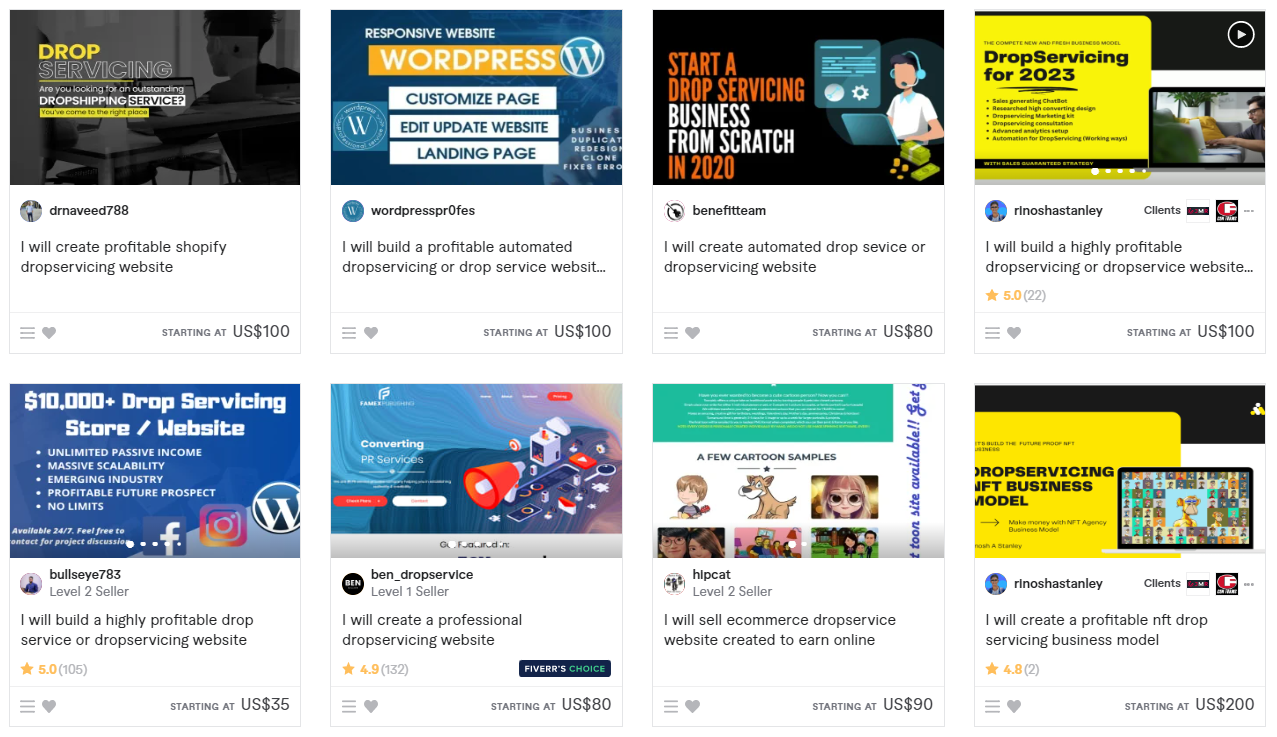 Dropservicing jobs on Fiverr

-*-*-

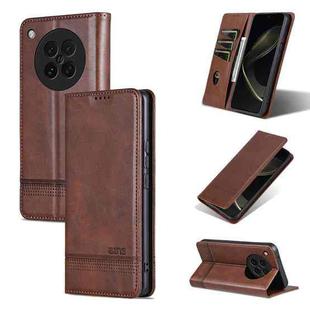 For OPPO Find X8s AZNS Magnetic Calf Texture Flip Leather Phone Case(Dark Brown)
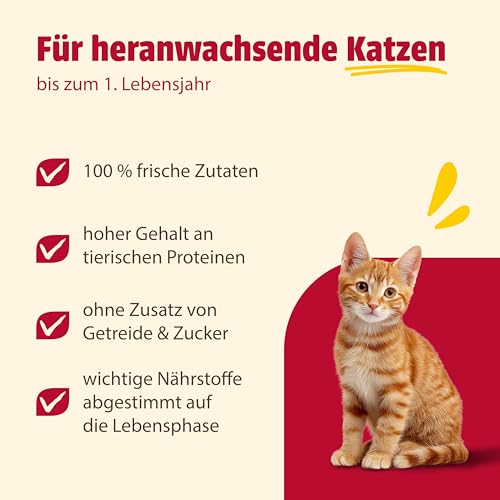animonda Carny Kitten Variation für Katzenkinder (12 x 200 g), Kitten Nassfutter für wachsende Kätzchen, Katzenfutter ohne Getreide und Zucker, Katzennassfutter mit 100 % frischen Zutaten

-*-*-

### Problem statement
Using the entries above, transcribe every line from the line containing "For OPPO Find" through the line containing "animonda Carny Kitten". Do not copy pictures.

### Solution below
 For OPPO Find X8s AZNS Magnetic Calf Texture Flip Leather Phone Case(Dark Brown)
animonda Carny Kitten Variation für Katzenkinder (12 x 200 g), Kitten Nassfutter für wachsende Kätzchen, Katzenfutter ohne Getreide und Zucker, Katzennassfutter mit 100 % frischen Zutaten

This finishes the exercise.